======== Provided entries
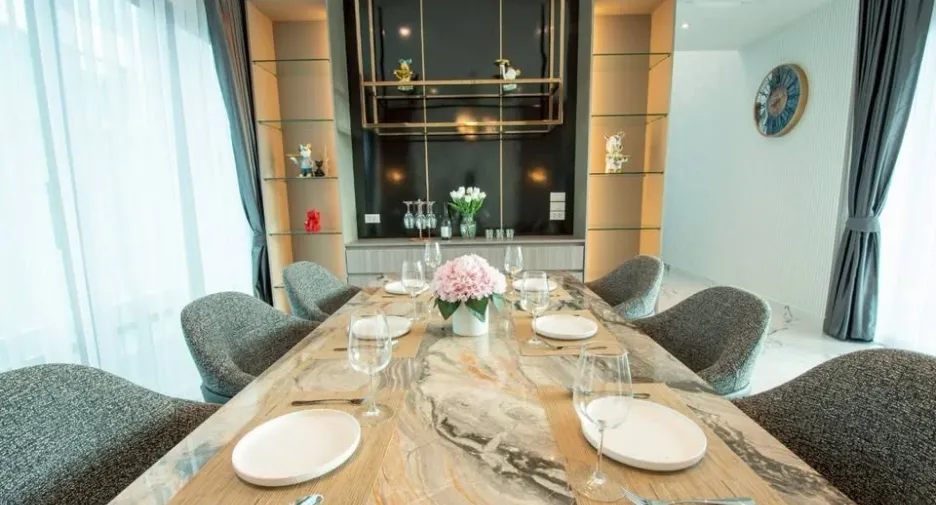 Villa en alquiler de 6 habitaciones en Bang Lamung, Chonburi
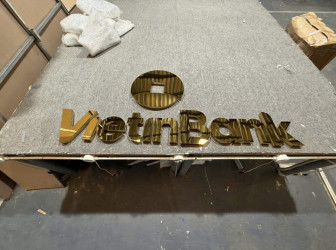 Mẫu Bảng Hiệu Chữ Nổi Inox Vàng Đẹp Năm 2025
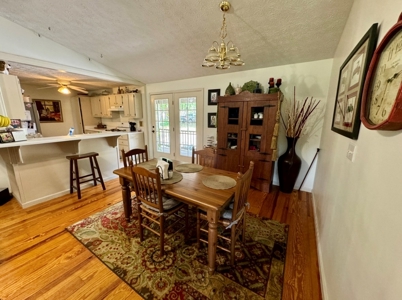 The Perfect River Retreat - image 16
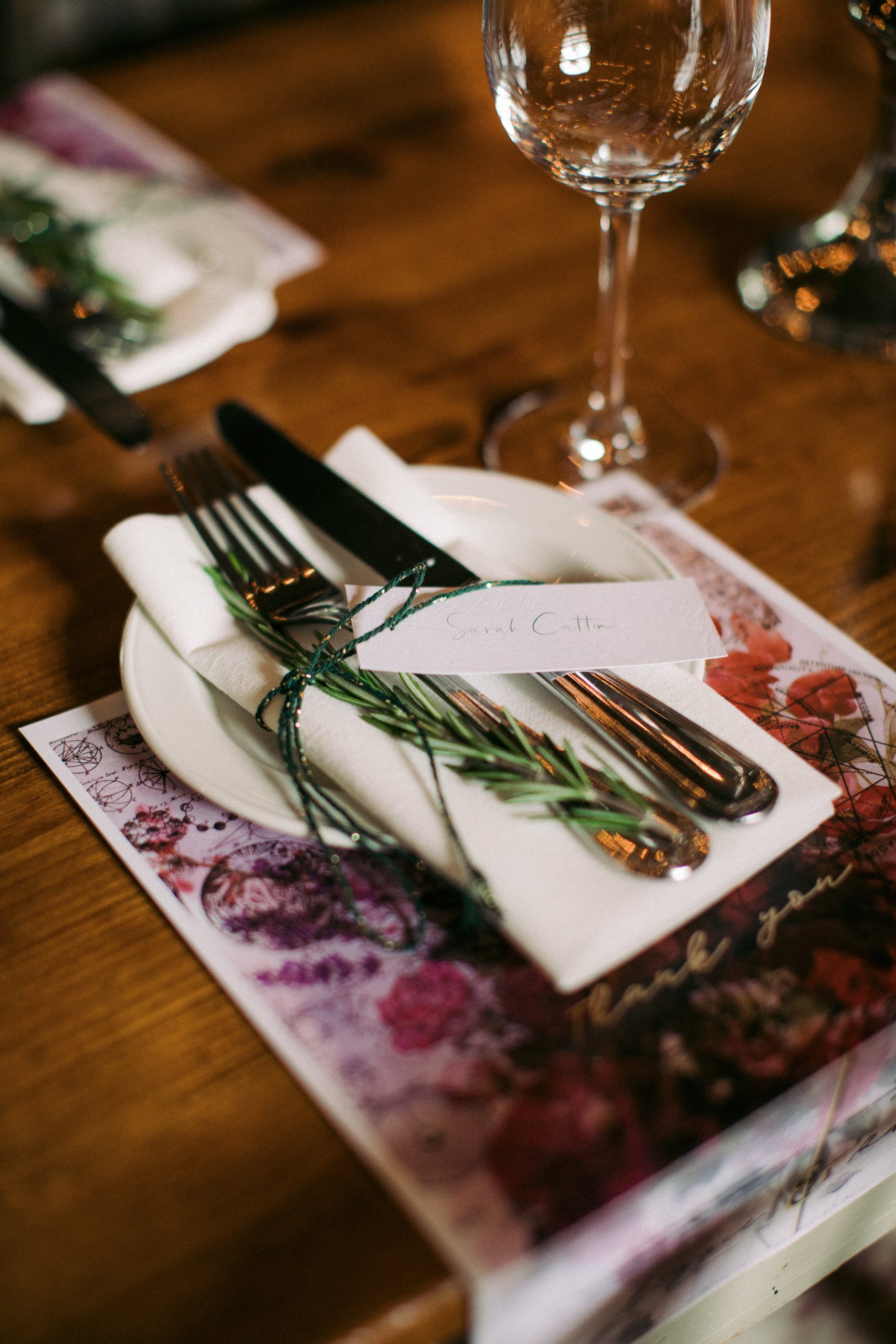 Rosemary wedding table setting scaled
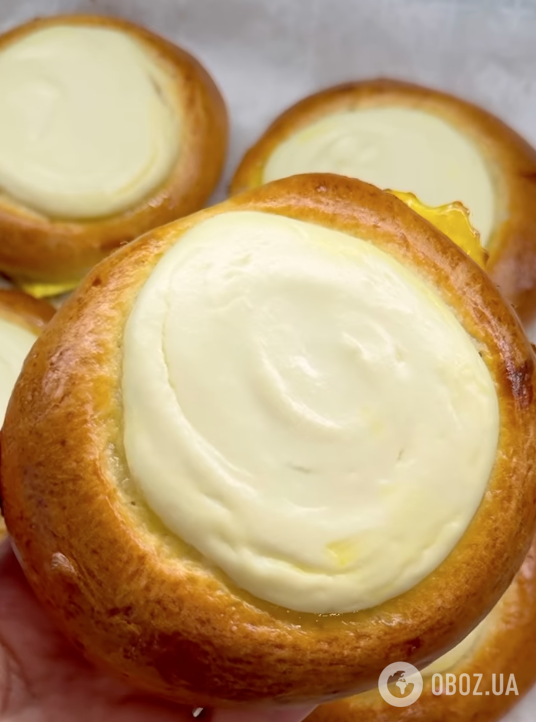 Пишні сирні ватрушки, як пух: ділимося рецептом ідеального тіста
================
▸ Problem to solve
Output the records exactly as they appear, skipping any pictures.

▸ Solution below
 Villa en alquiler de 6 habitaciones en Bang Lamung, Chonburi
 Mẫu Bảng Hiệu Chữ Nổi Inox Vàng Đẹp Năm 2025
 The Perfect River Retreat - image 16
 Rosemary wedding table setting scaled
 Пишні сирні ватрушки, як пух: ділимося рецептом ідеального тіста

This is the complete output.